Blockchain News

Huobi Exchange Token Down 11% on Reports of Layoffs, Internal Strife at Company

As market concern grows about Huobi’s health, exchange volume has dropped by 23%.

Huobi’s exchange token and trading volume have suffered as a result of reports that it is drastically reducing headcount, requiring employees to take their salaries in stablecoins, and closing internal staff communication channels to quell a rebellion.

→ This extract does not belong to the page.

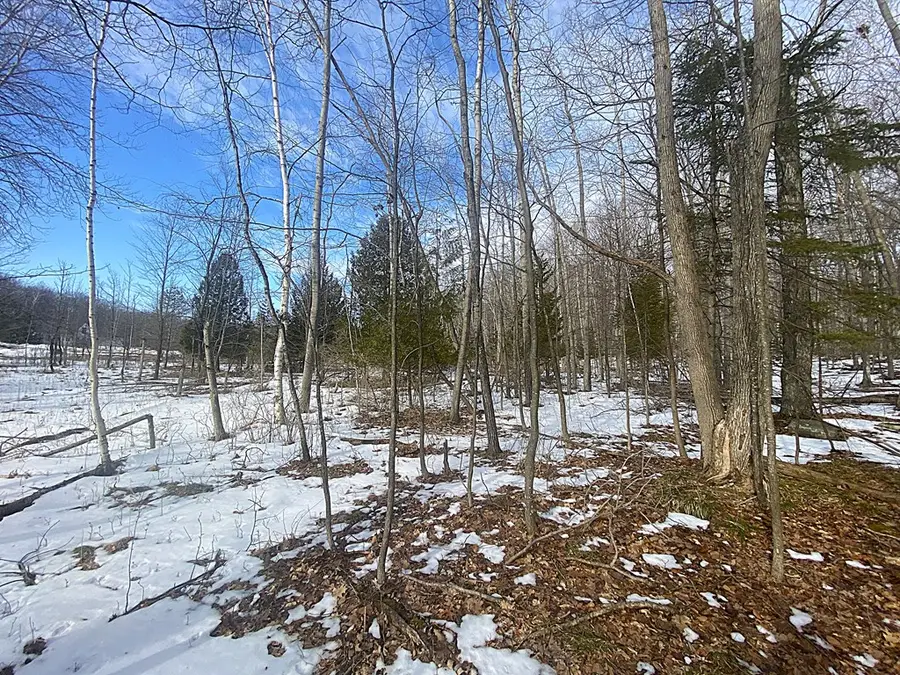Site 9 Cottage Bluff Ln, Fish Creek, WI 54212 - #2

According to CoinGecko, Huobi’s HT token has dropped nearly 11% in the last 24 hours, to $4.67 as of morning East Asia time. The token has dropped nearly 30% in the last month.

The exchange’s measurement of normalised volume has dropped 23% in the last 24 hours, to $395 million from $510 million.

Colin Wu of WuBlockchain broke the news of the layoffs and the requirement to accept salary in stablecoins. Employees who refused to accept payment in cryptocurrency would be fired, according to WuBlockchain, raising concerns throughout the workforce. Others on Twitter reported that employees were barred from using internal communication channels.

Sun denied the Huobi layoffs in an interview with Hong Kong’s SCMP. Representatives from the media did not respond to CoinDesk’s requests for comment on staffing issues.

Concerns have also been raised about the quality of Huobi’s reserves following the FTX. According to a recent CryptoQuant report, Huobi is the exchange that relies the most on its own token to denominate its reserves. Approximately 60% of its reserves are based on assets other than the token. OKX and Derebit have the ‘cleanest’ reserves of any exchange, with 100%, according to CryptoQuant.